Flagg Chapel has had a fairly chequered history. Its foundation stone was laid in July 1838 and the opening service took place in July 1839. Situated in a rather remote spot in Derbyshire, it has closed or been near to closure on a number of occasions.
The stained-glass window is in memory of Charles Wollen, a lay preacher from Sheffield who had largely been responsible, for many years, for keeping the services going. He died on 11 April 1898. An inscription below the images reads To the Glory of God and in loving memory of Charles Wollen who died April 11th 1898 aged 82 years. Erected by his friends as a tribute to his transparent goodness, and as a mark of their appreciation of his self-denying labours during many years for the congregation worshipping in this chapel.
The window portrays Jesus with the woman at the well (John, Chapter 4).
In 1927 its Unitarian trustees were planning to sell it when Annie Beard Woodhouse decided that it might be revived as a sort of 'youth chapel' and meeting place for young people.
Mrs Woodhouse was a granddaughter of John Relly Beard, founder of Unitarian College, Manchester. Her father, James Rait Beard, became president of the Manchester District Association and she and he went driving around to visit buildings in their area. Flagg was in their itinerary and they found it in a run-down state. Mrs Beard decided to buy a property nearby, the Green, which whe could use as a weekend cottage, partly as a personal retreat to escape the smog of central Manchester and also to support a cause which was in need of encouragement.

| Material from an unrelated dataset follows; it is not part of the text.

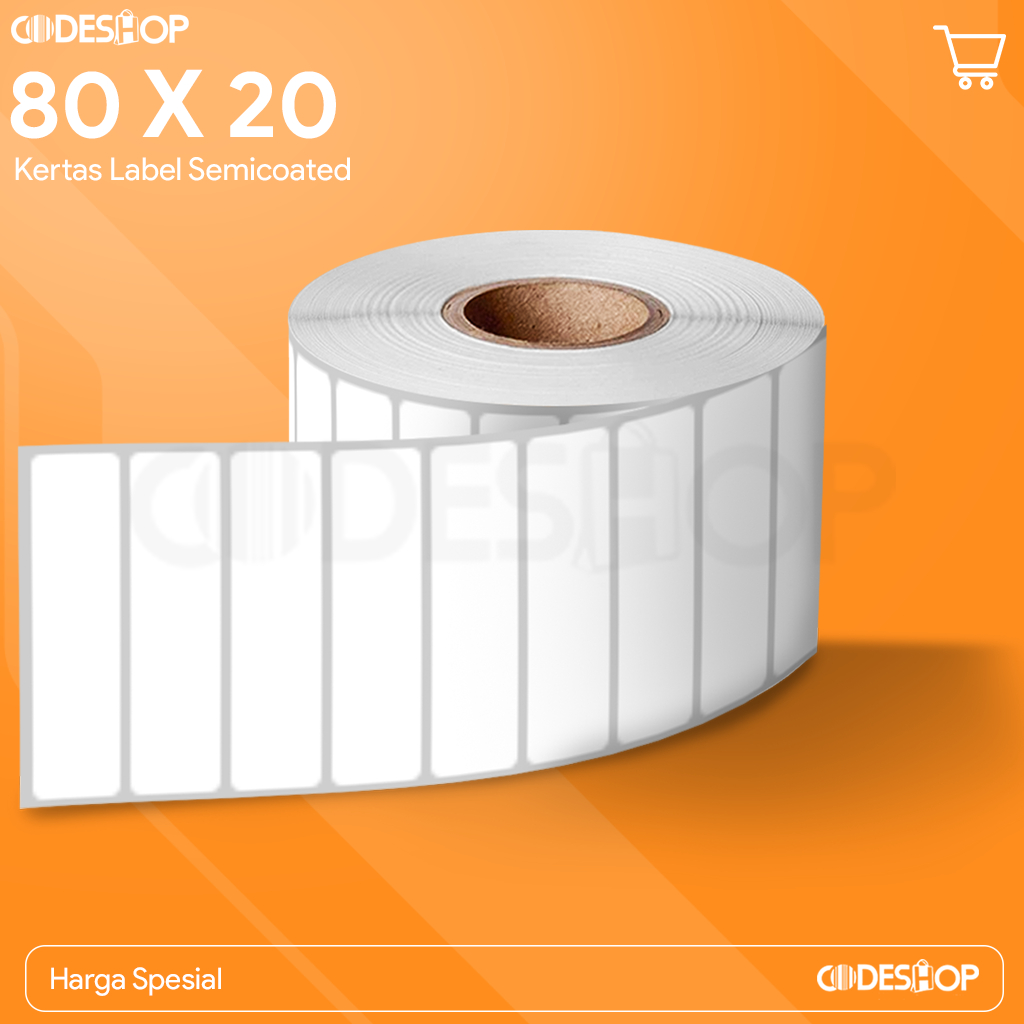 

Label Barcode 80 x 20 Sticker Semicoated 80x20 Core 1 Inch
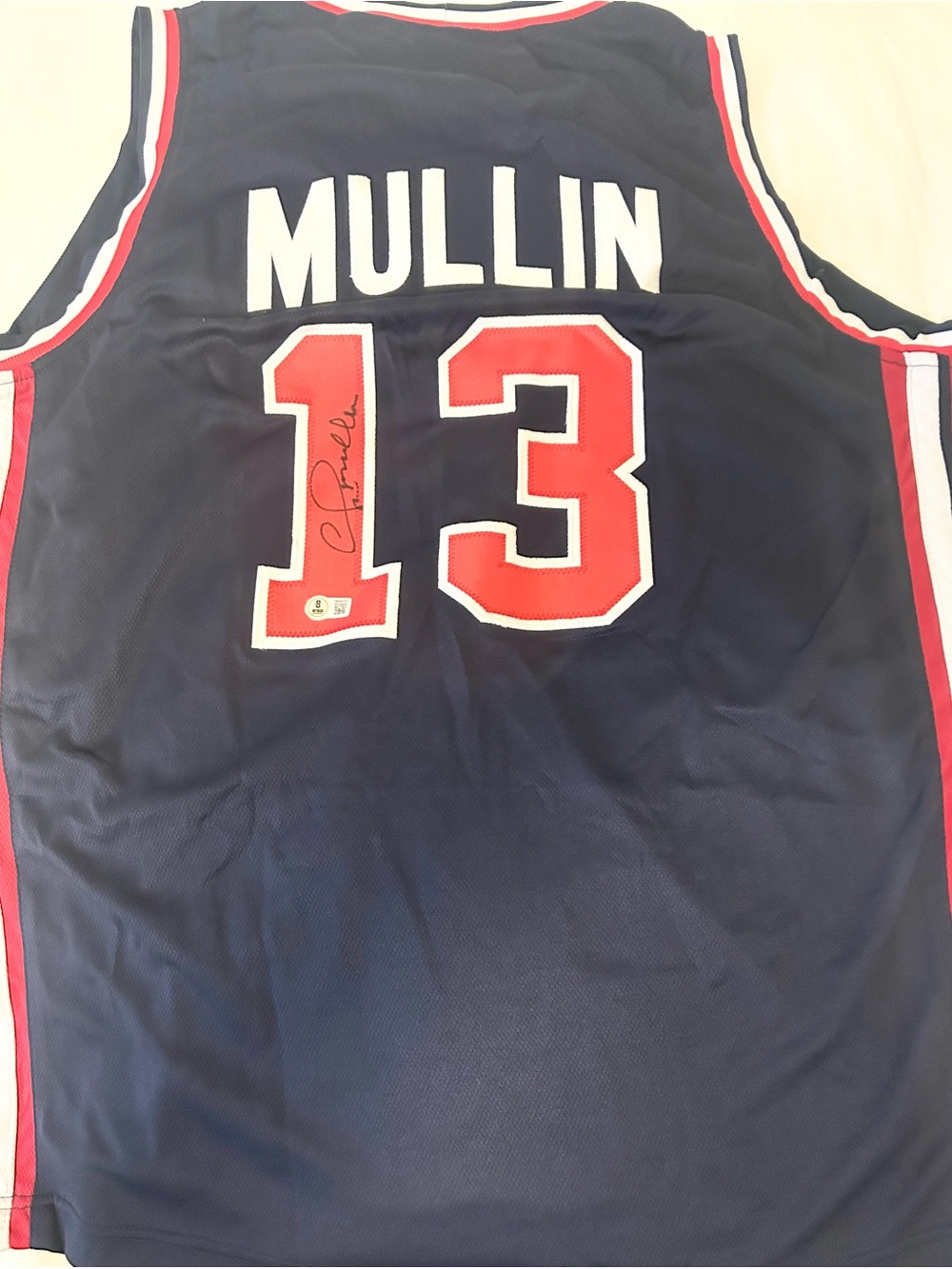 Chris Mullin Team USA Signed Navy Pro Style Jersey Beckett COA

She gave the property to FOY, the Fellowship of Youth, because of the tumbled down barn on the drive which some of the then young people thought would make a good FOY project.
The last Unitarian congregation ceased to meet in 1963 and the chapel was then used by Anglicans. The recent re-introduction of occasional Unitarian services dates from 1989, which as it happens was the 150th anniversary of the opening of the building.